Lymph System - Cleaning Up the Fluids

We have already discussed the circulatory system that has your blood and transports nutrients, dissolved gases, and waste products through your body. There is a closely related system called the lymphatic system. While the circulatory system circulates blood throughout your body, the lymph system moves lymph fluid through the body. Not all organisms have lymph systems. This system is one of the more advanced systems you will find in animals.

What Does the System Do?

The lymph system is designed for transportation in a way similar to the circulatory system, but it I not about oxygen and nutrients. The lymph fluid acts like the clean-up crew for your body. You know that you are made of water and fluids. There are very few solid parts of your body. All of those fluids are usually contained in cells. There are some fluids found between the cells or actually seep out of the cells. This intercellular fluid slowly begins to accumulate and must be returned to the cells and the blood stream. Enter the lymph system. The lymph system gathers those fluids and returns them to your blood. The lymph system is also closely associated with your immune system and swelling of tissues after an injury.

Interacting with Other Systems

We keep talking about the collection of fluids. The lymph system is not a closed system in the way your circulatory system is closed. The lymph system collects and transports. Collection of fluids begins at the capillaries of the circulatory system and then the fluid directed through a series of vessels that become the thoracic duct. That duct is connected to the largest vein in your body, the superior vena cava, and returns the fluid to your heart and circulatory system.

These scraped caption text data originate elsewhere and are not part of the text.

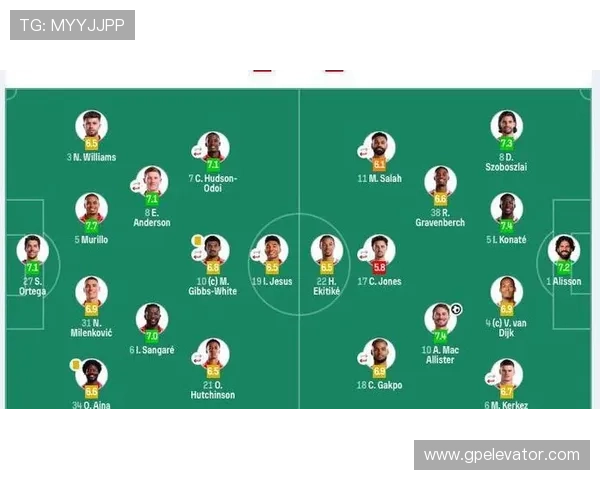 欧冠席位 欧冠席位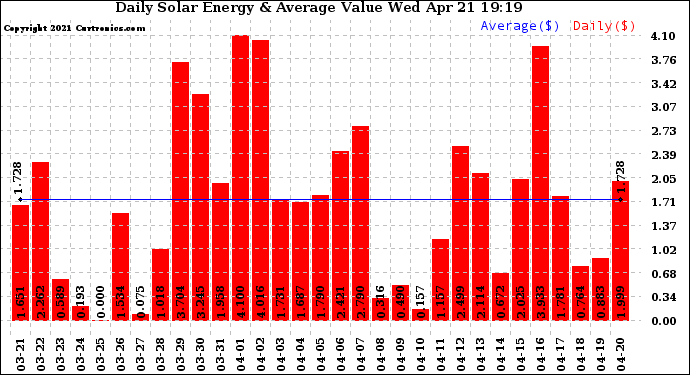 Solar PV/Inverter Performance Daily Solar Energy Production Value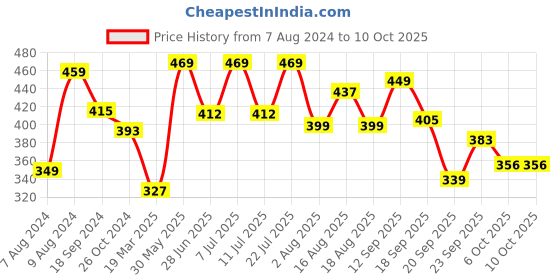myntra.com LULU & SKY Self Design Laced Bikini Brief lulu & sky Price History Graph from 7 Aug 2024 to 9 Oct 2025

The lymph fluid moves through the vessels as you move the voluntary muscles in your body. Ever go on a plane and have your feet swell up? Because you are sitting in one place and not moving around, fluid collects in your feet and they swell. The more you move, the more effective your lymphatic system becomes.

Important Nodes

When you get older, you may get sick and your doctor will check for swollen lymph nodes. Those nodes are often found in your thighs, armpits, and neck and are essential parts of your immune system. The nodes are actually accumulations of lymph tissue that serve a few purposes. They are great filters of foreign materials that can hurt your body. Bacteria and cancer cells often enter the lymph system and intercellular fluids are collected. Those tiny cells can be removed by the lymph cells and digested (on a cellular level). Not only do your nodes remove cells, they also create cells called lymphocytes. Those lymphocytes are white blood cells used by the immune system to produce antibodies or hunt down pathogens and eat them (using phagocytosis).